Thursday, January 28, 2010

Agree to Disagree (In Person)

E-mail has changed the way we communicate. The productivity improvements associated with everyday communication and the transfer of data and information has been a remarkable achievement for civilization. If the future is a race between good innovation and bad innovation - - e-mail clearly represents good innovation.

But e-mail is a perfect example of doing the right thing the wrong way in some cases. Constructive conversations regarding disputes or disagreeable subjects is one of those life's lessons that we are taught to address - - the quicker the better. But many times these disputes and disagreements are handled electronically - - without the context of emotion and feeling. Page after page of back and forth with emotional disconnection reinforcing a spirit of non-cooperation. It is typically easier - - people can make an emotional disconnection from the conversation. They end up typing things that they would never say in person. You don't get the emotional and physical impact your typed words have on someone - - the whole process ends up with a touch of “non-being” in it. The technology reinforces some of our worst characteristics - - a tendency to dislike verbal conversation face to face over difficult subjects. Engineering and engineers have a long track record with ineffective verbal conversation - - you are actually giving us a tool that gets us even further from effective communication on difficult and emotional issues.

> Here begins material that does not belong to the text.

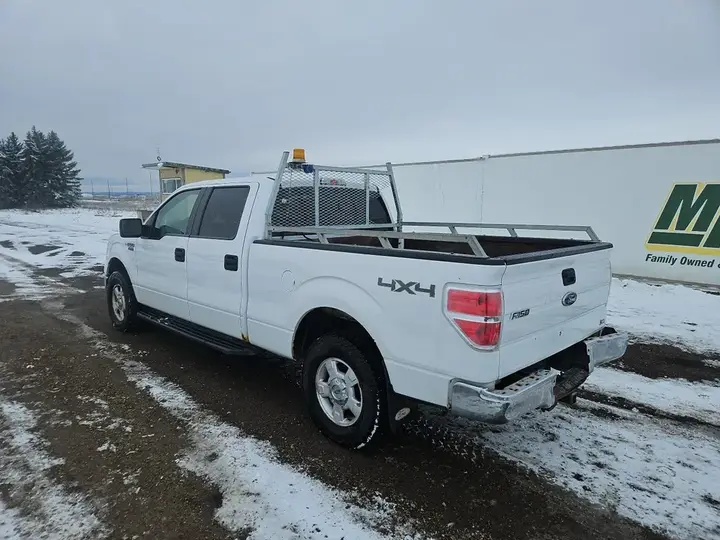 Ford F-150 2010 photo 2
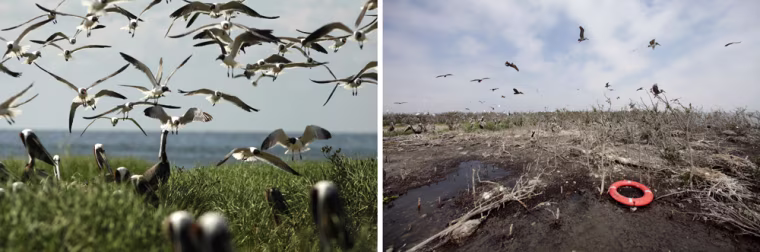 Image: Nesting terns and pelicans are seen on Cat Island on May 22, 2010, left. The second photo taken on April 8, 2011 near the same location, shows the shoreline heavily eroded.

The solution is not Emotions - - those graphical representations intended to represent a facial expression and to convey the sort of emotion that plain text does not. Attaching something like on the top row and far right - - probably does not add much to a text conversation on a billing dispute. None of these expressions convey true emotion and feeling - - especially in a world and culture where non-verbal responses and interpretations are critical elements to effective communications. Disagreements and disputes need to be handled in person. Don G. Lents, the chairman of Bryan Cave, the international law firm offers the following advice - - “You should never engage in a disagreement electronically. If you are going to disagree with somebody, you certainly don’t want to do it by e-mail, and if possible you don’t even want to do it by phone. You want to do it face to face.”

E-mail saves time, but being there says more. We will have to see if video conferencing really is “being there” in the context of disputes.